Trusts Report Rising Agency Costs Amid Mounting Workforce Pressures
- Fran Sage
- 4d
- 2 min read

NHS trusts are warning that increasing workforce gaps and sustained operational pressures are driving higher spending on agency staff. Finance directors say the reliance on temporary staffing continues to strain budgets at a time when many organisations are already struggling to meet financial targets.
Temporary Staffing Remains High Despite National Efforts to Reduce Costs
Agency and bank staff have long formed part of the NHS workforce, but the current scale of use has raised concerns among trust leaders. NHS England’s most recent accounts show a fall in agency spending in 2024 and 2025 following national efforts to tighten controls and reduce rates. However, the overall bill for temporary staffing remains significant, and trusts say it can rise sharply when demand spikes or rotas become unstable.
Vacancies remain persistent in key roles such as nursing, emergency medicine and specialist clinical areas. Recruitment pipelines have not kept pace with retirements and ongoing staff turnover, which means many trusts continue to rely on agency cover to maintain safe staffing levels. Industrial action, winter pressures and sudden demand surges also drive short term increases in agency use.
In some areas, high market rates for agency shifts are outpacing bank pay, making it more difficult for trusts to attract staff through internal staffing pools. Leaders say this dynamic contributes to rota gaps and can undermine attempts to build more stable teams.
Financial and Operational Consequences for Trusts
The cost of agency staffing continues to divert money away from permanent recruitment, training and service development. Several organisations have warned that rising temporary staffing bills may require reductions in local services or further efficiency programmes to stay within budget.
Patient continuity can also be affected when care is delivered by rotating agency staff rather than consistent teams. Substantive staff report increasing pressure when rota gaps persist, contributing to higher levels of burnout and turnover.
National and Local Measures Underway
NHS England has introduced tighter rules on agency use, including price caps and guidance that asks trusts to reduce their agency spending. Reduction targets of around 30 per cent were set for 2024 and 2025, and increasing bank capacity remains a priority across the system.

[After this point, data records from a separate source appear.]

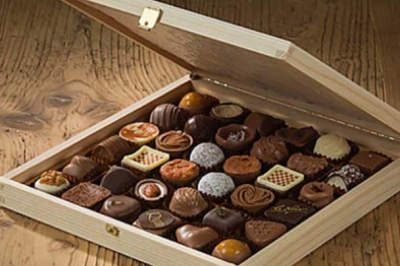 Wooden chocolate box with window lid (3)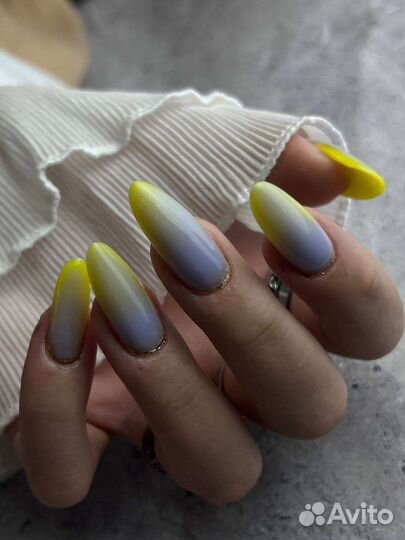 Педикюр с покрытием гель-лаком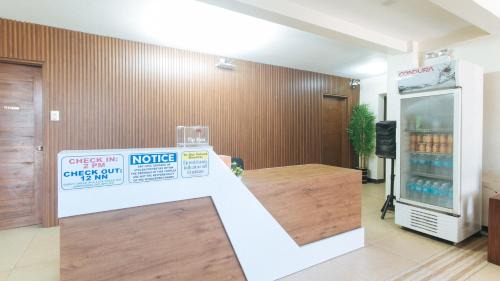 General Trias Hotel | RedDoorz at RJs Bldg near Lyceum Gen Trias Cavite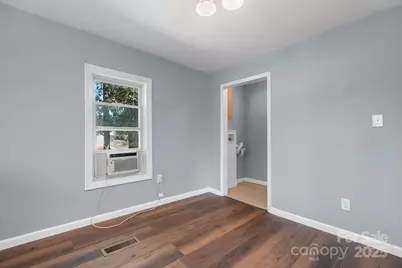 728 21st Street SW, Hickory, NC 28602 - Photo 16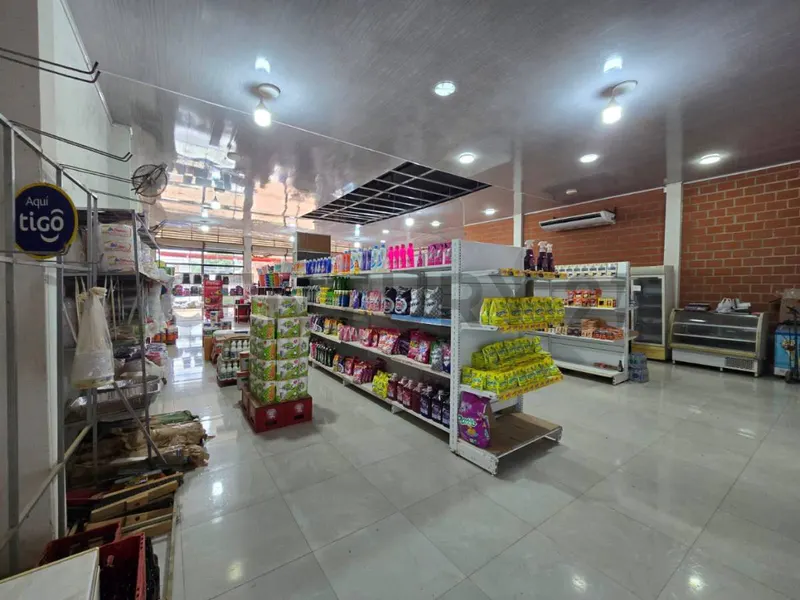 Foto 16 de Ambiente Comercial Sobre Avenida Asfaltada, por Debajo de Su Precio Comercial!!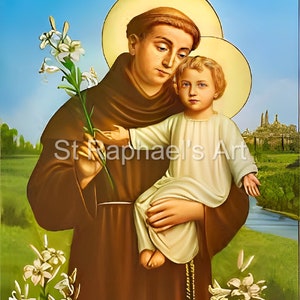 Puede incluir: Una pintura de San Rafael sosteniendo a un niño pequeño. La pintura está ambientada en un fondo de cielo azul, hierba verde y un río. El santo lleva una túnica marrón y el niño lleva una túnica blanca. El santo sostiene un ramo de lirios blancos.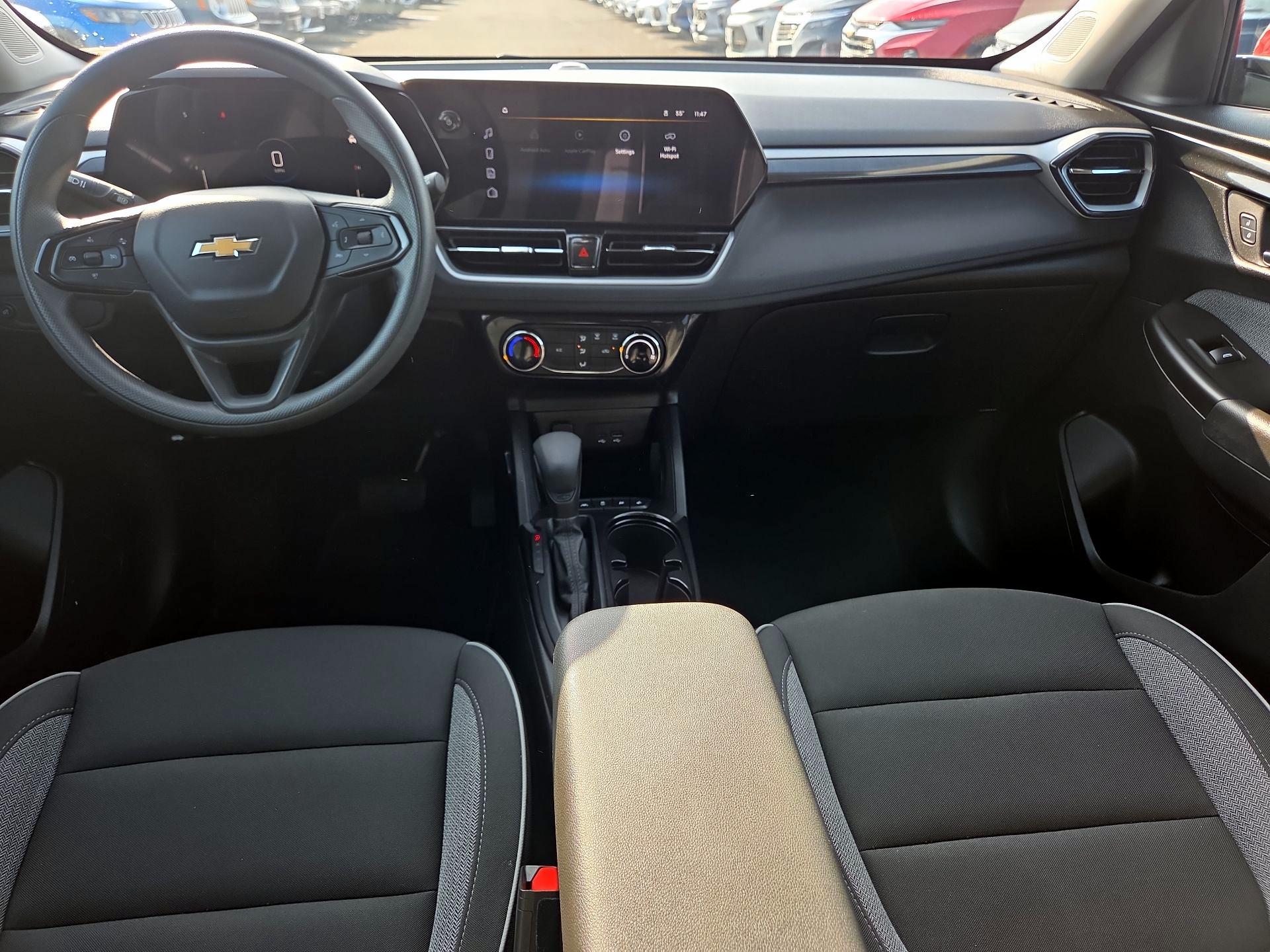 Thumbnail: 2025 Chevrolet TrailBlazer - 8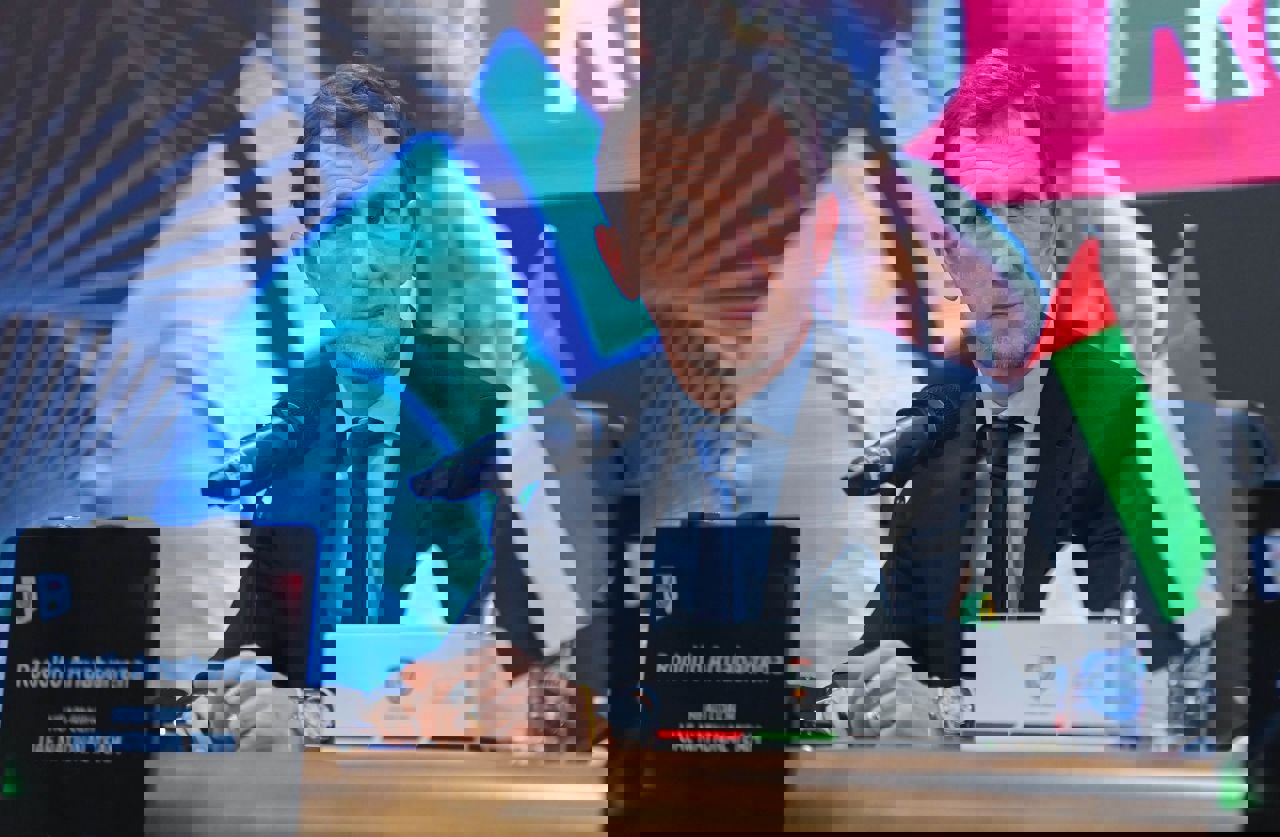 1700578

Trusts are being encouraged to improve retention, expand flexible roles and strengthen wellbeing support as part of wider efforts to stabilise the workforce. Procurement teams have also been asked to ensure greater discipline in the use of agency agencies and to monitor specialty-level spending.
Long-Term Workforce Planning Remains Essential
Health leaders say that agency staffing will remain necessary in some situations, but they stress that long-term workforce investment is the only sustainable solution. Expanding training places, maintaining international recruitment and developing a credible retention plan are key areas of focus at national level.
Trusts argue that without action to address persistent vacancies and workforce morale, reliance on temporary staffing will continue to act as a significant financial pressure. They emphasise that agency use is a symptom of wider shortages, and that stabilising the workforce will be critical for improving capacity and maintaining safe, reliable patient care.